Review of Last Class

 Problem. Find the rank (the dimension of the image) of a linear transformation T whose matrix representation is the matrix A shown on the right. $A=\begin{pmatrix}0&2&4&2&2\\4&4&4&8&0\\8&2&0&10&2\\6&3&2&9&1\end{pmatrix}$.
 Theorem 1. If $T:V\to W$ is a linear transformation and $P:V\to V$ and $Q:W\to W$ are invertible linear transformations, then the rank of T is the same as the rank of QTP. Proof. Owed. Theorem 2. The following row/column operations can be applied to a matrix A by multiplying it on the left/right (respectively) by certain invertible "elementary matrices": Swap two rows/columns Multiply a row/column by a nonzero scalar. Add a multiple of one row/column to another row/column. Proof. Semi-owed.

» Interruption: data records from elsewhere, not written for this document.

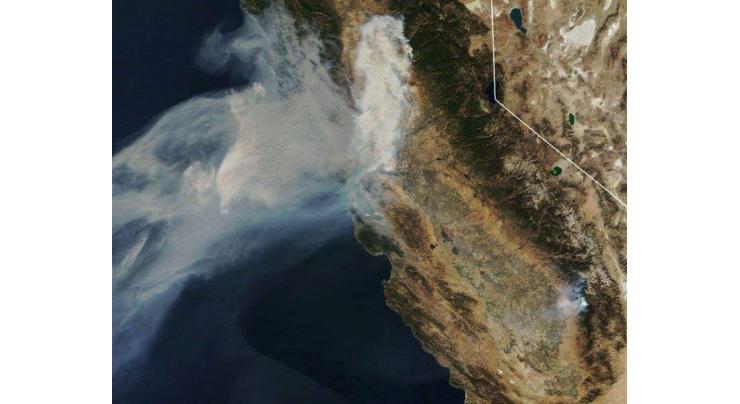 San Francisco chokes on toxic air as wildfires rage
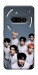 Чехол Enhypen white для Nothing Phone (3a)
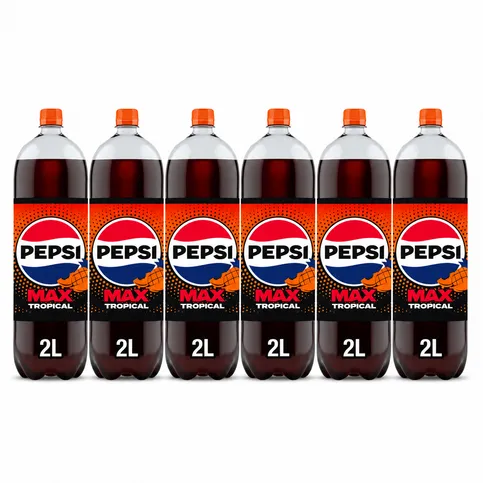 Pepsi Max Tropical 6x2L Pack £2.50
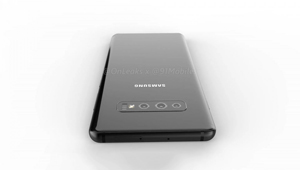 تصاویر رندرهای +Galaxy S10 در فضای مجازی منتشر شد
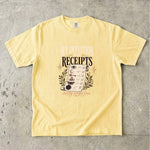 My Intuition Has Receipts T-Shirt - Funny Celestial Intuition Shirt
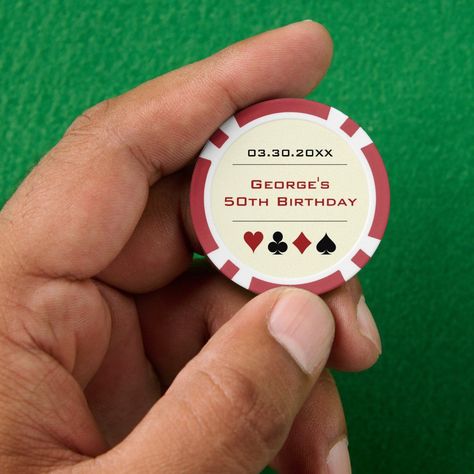 Red & off-white casino poker chip birthday cake with poker chip toppers for a Las Vegas themed.#CasinoFun #WinningAtTheCasino #CasinoVibes #CasinoLife #CasinoGoals Pink Vegas Theme Party, Pink Casino Theme Party, 23th Birthday Ideas, Vegas Party Favors, Las Vagus, Poker Birthday Party, Vegas Birthday Party, Las Vegas Party Theme, 80s Grandma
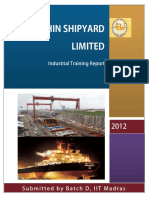 COCHIN SHIPYARD TRAINING REPORT.pdf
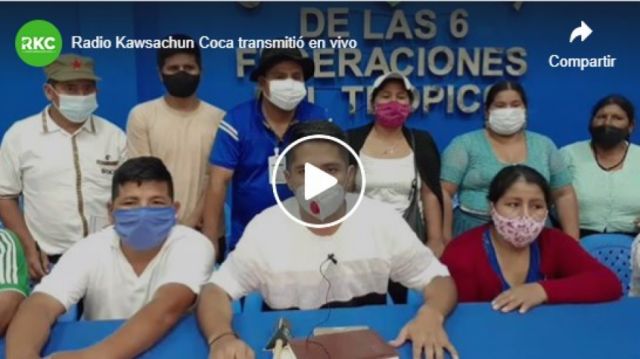 Andrónico garantiza el paso de oxígeno por todo el Trópico de Cochabamba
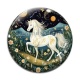 Cabochon Verre - cheval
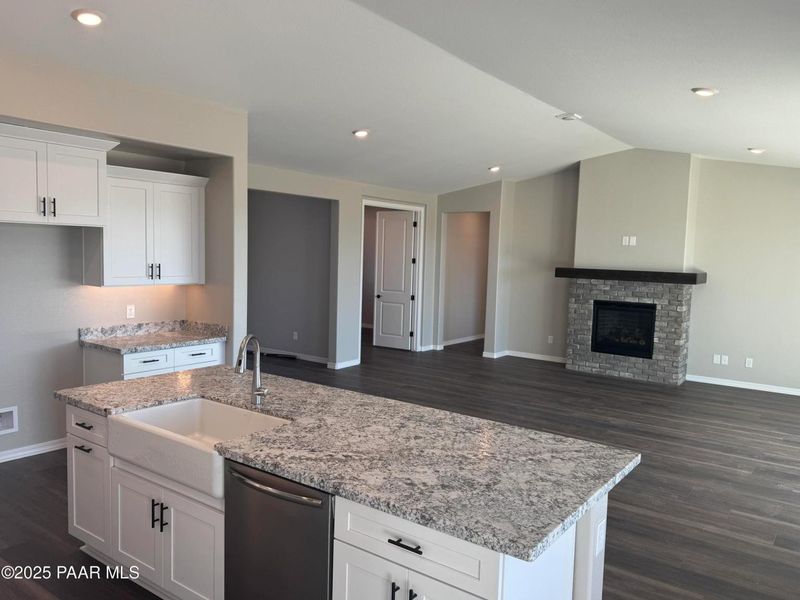 Furnished interior view inside a new home in Westwood, Prescott (Image 5).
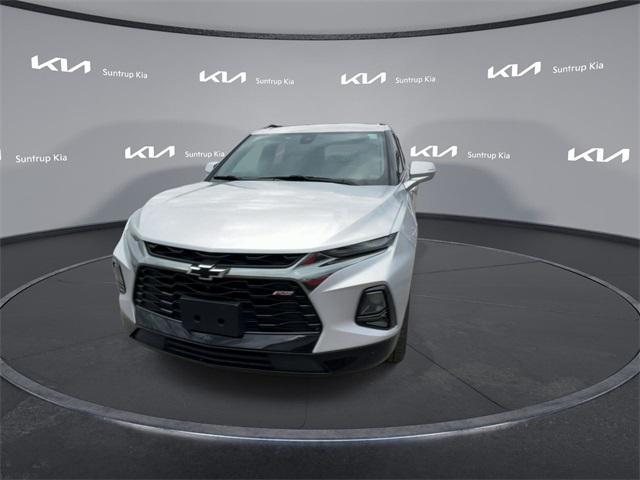 used 2020 Chevrolet Blazer car, priced at $22,555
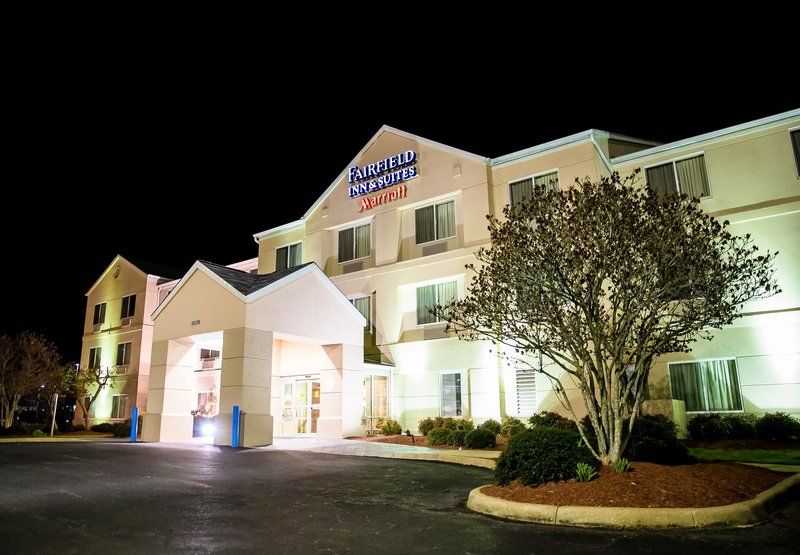 Fairfield Inn & Suites Fredericksburg Eksteriør billede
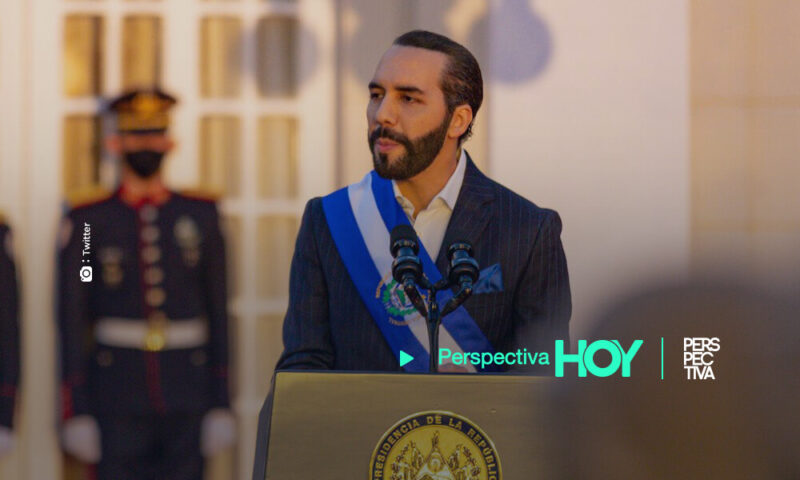 Bukele acusa a la comunidad internacional de "financiar" una "oposición perversa" en las protestas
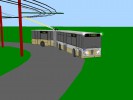 ... a jeho testovac� verze op�t nedaleko zast�vky N�kupn� centrum, ale tentokr�t bez poruch.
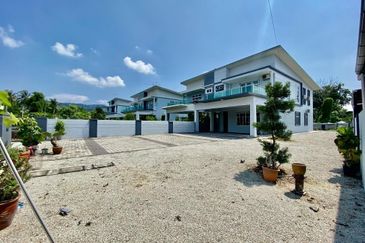 Double Storey Semi Detached 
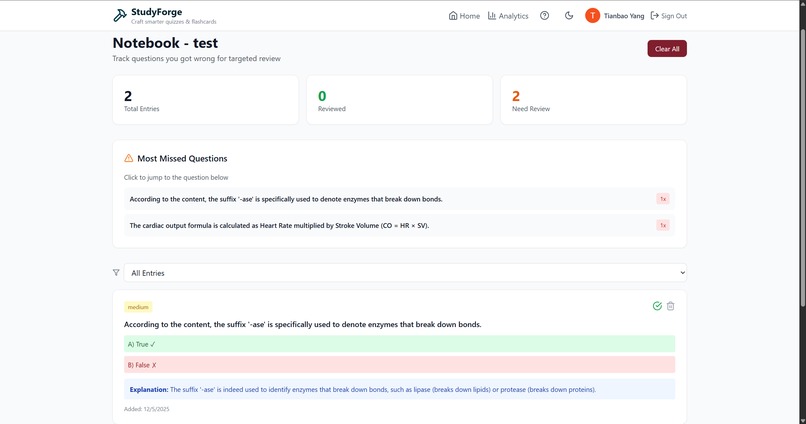 StudyForge – screenshot 15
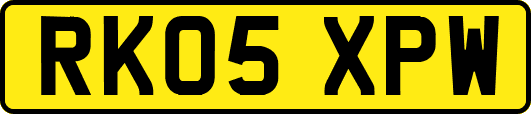 RK05XPW
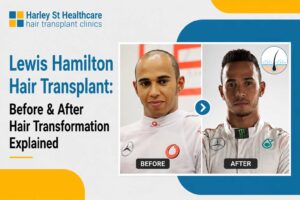 Lewis Hamilton Hair Transplant: Before & After Hair Transformation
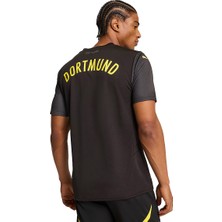 Puma Borussia Dortmund Away Erkek Siyah Futbol Forma 77495602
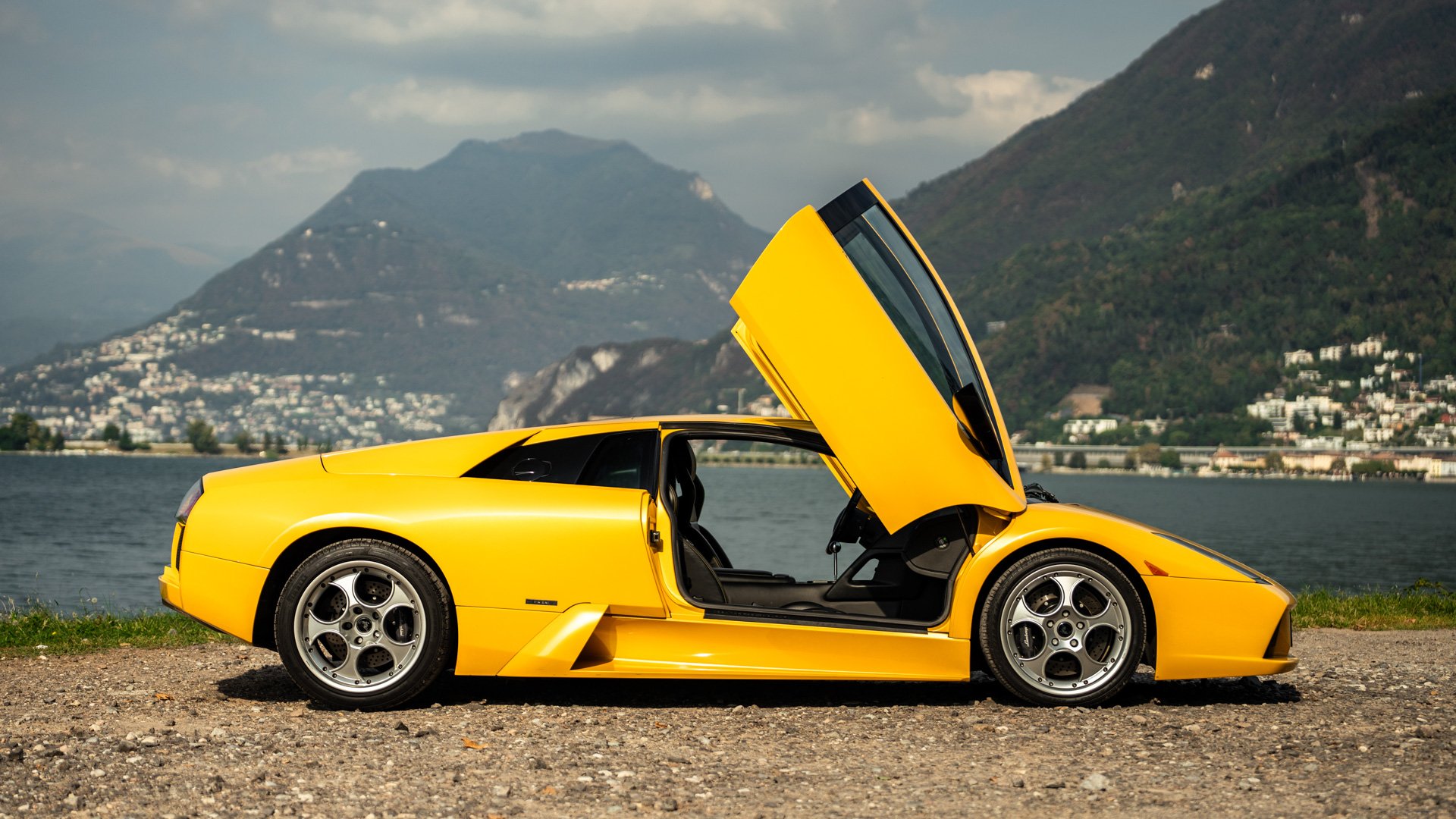 Broad Arrow Auctions | 2003 Lamborghini Murciélago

Solution of the problem. using these (invertible!) row/column operations we aim to bring A to look as close as possible to an identity matrix, hoping it will be easy to determine the rank of the matrix we get at the end:

 Do Get Do Get 1. Bring a 1 to the upper left corner by swapping the first two rows and multiplying the first row (after the swap) by 1 / 4. $\begin{pmatrix}1&1&1&2&0\\0&2&4&2&2\\8&2&0&10&2\\6&3&2&9&1\end{pmatrix}$ 2. Add ( − 8) times the first row to the third row, in order to cancel the 8 in position 3-1. $\begin{pmatrix}1&1&1&2&0\\0&2&4&2&2\\0&-6&-8&-6&2\\6&3&2&9&1\end{pmatrix}$ 3. Likewise add ( − 6) times the first row to the fourth row, in order to cancel the 6 in position 4-1. $\begin{pmatrix}1&1&1&2&0\\0&2&4&2&2\\0&-6&-8&-6&2\\0&-3&-4&-3&1\end{pmatrix}$ 4. With similar column operations (you need three of those) cancel all the entries in the first row (except, of course, the first, which is used in the canceling). $\begin{pmatrix}1&0&0&0&0\\0&2&4&2&2\\0&-6&-8&-6&2\\0&-3&-4&-3&1\end{pmatrix}$ 5. Turn the 2-2 entry to a 1 by multiplying the second row by 1 / 2. $\begin{pmatrix}1&0&0&0&0\\0&1&2&1&1\\0&-6&-8&-6&2\\0&-3&-4&-3&1\end{pmatrix}$ 6. Using two row operations "clean" the second column; that is, cancel all entries in it other than the "pivot" 1 at position 2-2. $\begin{pmatrix}1&0&0&0&0\\0&1&2&1&1\\0&0&4&0&8\\0&0&2&0&4\end{pmatrix}$ 7. Using three column operations clean the second row except the pivot. $\begin{pmatrix}1&0&0&0&0\\0&1&0&0&0\\0&0&4&0&8\\0&0&2&0&4\end{pmatrix}$ 8. Clean up the row and the column of the 4 in position 3-3 by first multiplying the third row by 1 / 4 and then performing the appropriate row and column transformations. Notice that by pure luck, the 4 at position 4-5 of the matrix gets killed in action. $\begin{pmatrix}1&0&0&0&0\\0&1&0&0&0\\0&0&1&0&0\\0&0&0&0&0\end{pmatrix}$

But the matrix we now have represents a linear transformation S satisfying $S(v_1,\,v_2,\,v_3,\,v_4\,v_5)=(w_1,\,w_2,\,w_3,\,0,\,0)$ for some bases $(v_i)_{i=1}^5$ of V and $(w_j)_{j=1}^4$ of W. Thus the image (range) of S is spanned by {w1,w2,w3}, and as these are independent, they form a basis of the image. Thus the rank of S is 3. Going backward through the "matrix reduction" process above and repeatedly using theorems 1 and 2, we find that the rank of T must also be 3.